Police divers have found and retrieved a 137kg consignment of cocaine with an estimated street value of more than £10 million, hidden deep inside a ship’s hull at the Sheerness port in Kent.
The discovery is only the second instance of a major underwater concealment of class A drugs being seized off the UK coast – but with three times as much cocaine found as on the first occasion, in Bristol in November 2021.
A Panamanian-registered container ship carrying a cargo of bananas had docked in Sheerness while on its way from Panama to the Netherlands, and on 14 October the divers were sent to investigate its hull, based on intelligence supplied by the National Crime Agency (NCA).

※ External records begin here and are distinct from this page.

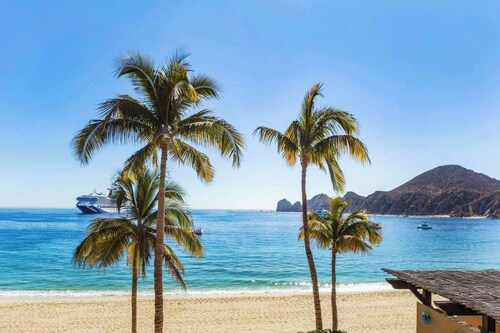 Hacienda Beach Club & Residences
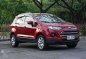2014 Ford Ecosport matic LOWEST MILEAGE-0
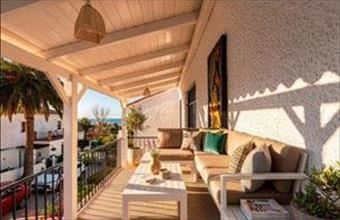 Eladó Spanyolországi tégla lakás hirdetés (38182538)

The search was carried out in restricted visibility over five hours by a specialist National Police Chiefs Council dive-team, supported by officers from the Border Force National Deep Rummage Team and port operator Peel Ports.
They eventually found four large hold-alls concealed below the waterline inside the sea-chest, a seawater intake area used to help stabilise vessels. The divers had to extract the bags from behind bolted grilles.

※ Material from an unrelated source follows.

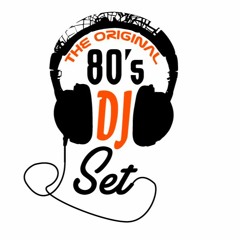 Happy Birthday Megamix, (by So80's Crew)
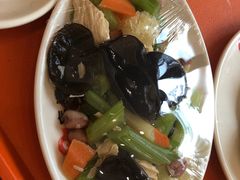 -庆丰包子铺(临河里店)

“This was an extremely rare and sophisticated concealment, and shows how far criminal networks will go to get dangerous drugs like cocaine into circulation,” commented NCA operations manager David Phillips. “The sale of such class A drugs is controlled by gangs who inflict violence and exploitation in our communities.”
Thanking the divers for work carried out in “challenging conditions”, Phillips said that the collaborative effort demonstrated “our collective determination to tackle organised criminal groups head-on, and stem the supply of harmful drugs like cocaine”. NCA investigators are now collaborating on the case with Dutch and Panamanian law-enforcement agencies.